● What to do:
Restate every line below word for word, but drop each picture.

● Information supplied:
....................

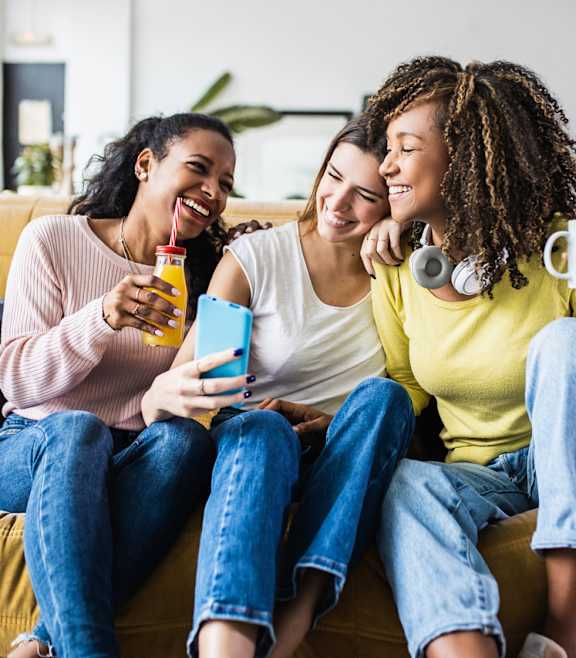 Three friends are sitting on a couch, laughing and enjoying each other's company.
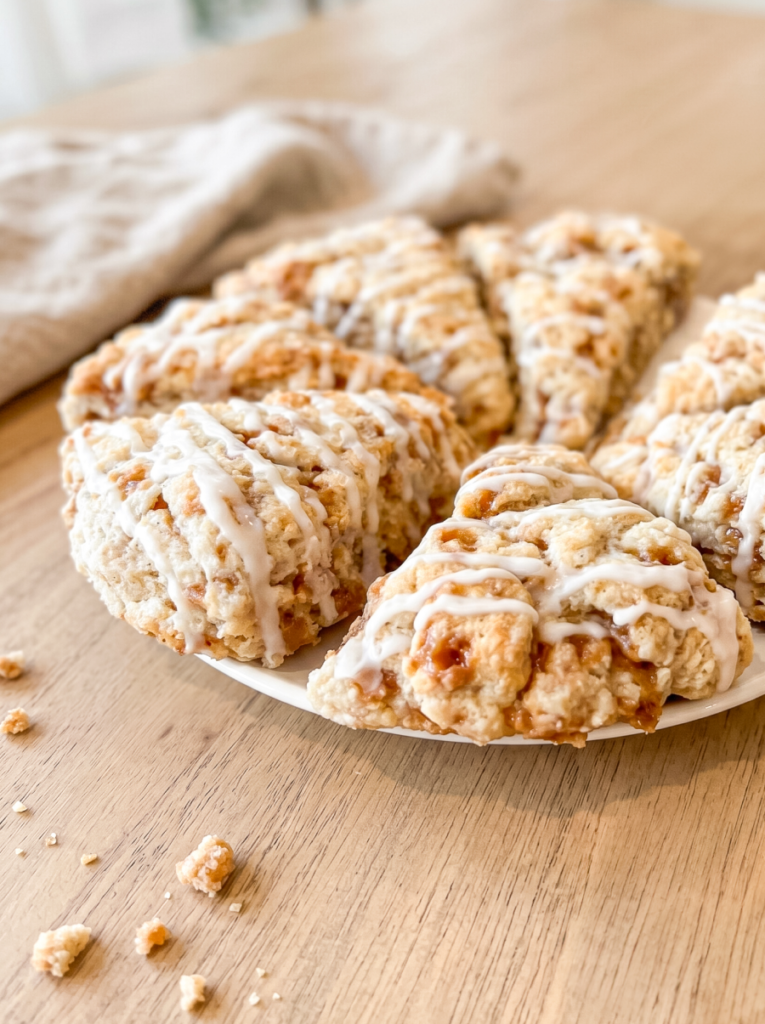 A white plate holds triangular cinnamon toffee scones drizzled with white icing on a wooden table.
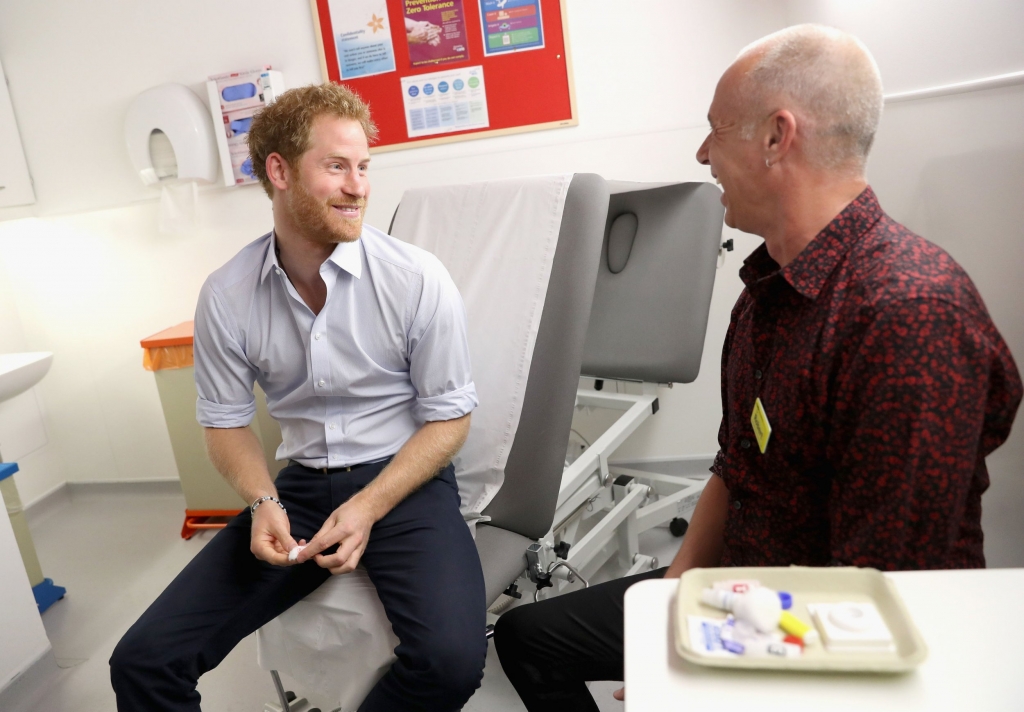 Prince Harry prepares to have a HIV test taken by Specialist Psychotherapist Robert Palmer during a visit to the Burrell Street Sexual Health Centre in Southwark London where he is highlighting the fight against HIV and AIDS. PRESS ASSOCIATION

....................

● Answer below:
 Three friends are sitting on a couch, laughing and enjoying each other's company.
 A white plate holds triangular cinnamon toffee scones drizzled with white icing on a wooden table.
 Prince Harry prepares to have a HIV test taken by Specialist Psychotherapist Robert Palmer during a visit to the Burrell Street Sexual Health Centre in Southwark London where he is highlighting the fight against HIV and AIDS. PRESS ASSOCIATION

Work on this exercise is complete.